In the double-blind period (DBP), patients were randomized to ocrelizumab or placebo and followed for ≥120 weeks until a prespecified number of CDP events occurred. At completion of the DBP, patients remained on blinded treatment until the trial outcome was ascertained (extended controlled period; ECP). At OLE initiation, patients continued ocrelizumab (OCR-OCR) or switched from placebo to ocrelizumab (PBO-OCR). Time to onset of 24-week-CDP (increase from baseline Expanded Disability Status Scale [CDP-EDSS] score of ≥1 point if baseline EDSS≤5.5 or ≥0.5 points if baseline EDSS>5.5) and time-to-wheelchair confinement (EDSS≥7.0) were analyzed through Week 312.

Overall, 72% of patients entered the OLE. In the DBP, compared with placebo, ocrelizumab reduced the risk of 24-week-CDP by 25% (p=0.037). At Week 168 (12 weeks after the first patients entered the OLE), the proportion of patients with 24-week-CDP-EDSS in the PBO-OCR and OCR-OCR groups was 44.7% vs 33.3% (?=11.4%; p=0.005), respectively, and at Week 312 was 64.8% vs 51.7% (?13.1%; p=0.002). During the DBP+ECP+OLE, the risk of becoming wheelchair-confined was 42% lower (p=0.011) and the risk of 24-week-CDP was 28% lower (p=0.002) in the OCR-OCR group vs PBO-OCR. Results from 9-Hole Peg Test and Timed 25-Foot Walk will also be presented. The safety profile was generally consistent with the DBP.
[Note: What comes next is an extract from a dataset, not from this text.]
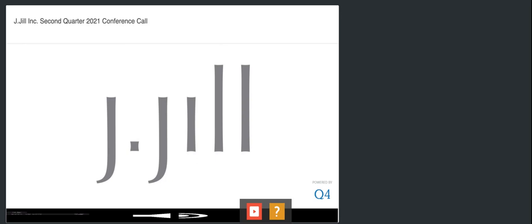Great. Lots of luck. Thank you. Thanks, Janet. Thank you. There's no further questions at this time, and this concludes today's conference call. Thank you all for joining. You may now disconnect.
After 6.5 study years (312 weeks), the proportion of patients with CDP-EDSS was lower in patients who initiated ocrelizumab earlier vs patients initially receiving placebo. Patients initiating ocrelizumab 3–5 study years earlier had significantly reduced risk of becoming wheelchair-confined vs patients switching from placebo.